He even pointed to the song as evidence of why he chose to go on his own. “Songs like ‘We People Who Are Darker Than Blue' transcended the roster of the Impressions,” he said. “[It was] more of what was in my head during those times.” The polyrhythmic, Latin-tinged breakdown highlighted another aspect of his music that transcended the Impressions. “It was the '70s,” my father said. “Time to get away from just R&B and be freer as to the happenings around me.”

Sam and Fred were surprised by the power of the new songs. To this day, they debate the meaning of “We People Who Are Darker Than Blue.” In an interview in 2008, Sam said, “I took it as a person that was very, very angry … The thing I got from it was, ‘Are you going to let them do it to you?' Who? Are you going to let
who
do it to you?” Fred, providing the obvious answer: “At the time, he was talking about white folks … He ain't talking about black folks. Get up, go out, do something for yourself. That's what I took that meaning as.”

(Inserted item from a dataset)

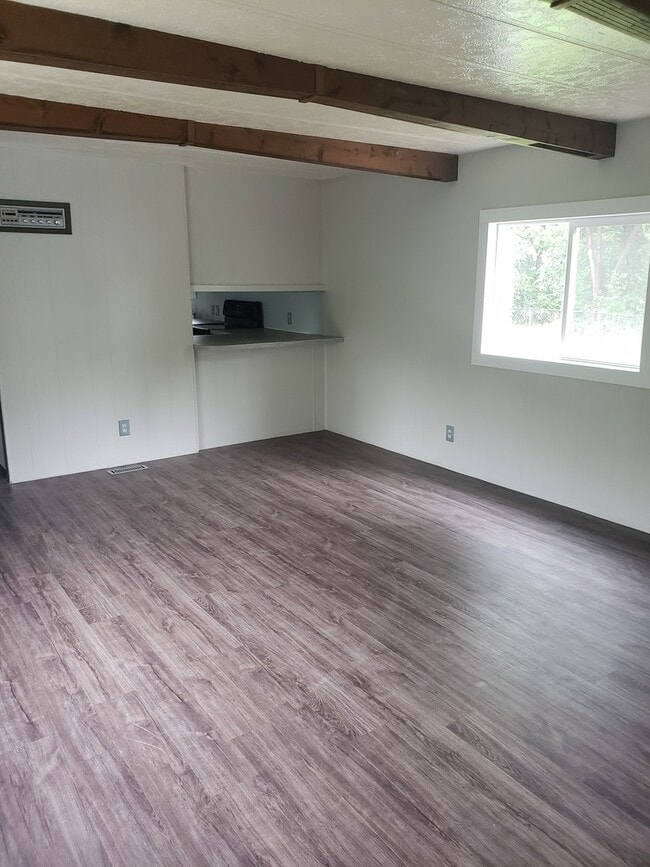 Building Photo - 3 bed 1.5 bath mobile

My father's audience was equally surprised. No one had made an album like this before, least of all the Impressions. Sure, socially minded songs formed a major part of the movement, but to put so much on the A-side of a record—and in such a personal manner—was bold and new. It was the work of a man who knew exactly who he was and what he wanted to say. He'd commented on society before, but now he climbed in its skull, poking around the demented mind of a decade that would witness the death of free love and the advent of mass paranoia.

As fans digested the A-side, they learned the new Curtis brought nothing but straight truth. No longer was it a message song or two surrounded by love songs. Now he held a mirror to the realities of ghetto life and forced his audience to look into it, song after song after song. As he described his motivation, “The latter part of the '60s and the early
'70s brought about a feeling in me that there need to be songs that relate not so much to civil rights but to the way we as all people deal with our lives.”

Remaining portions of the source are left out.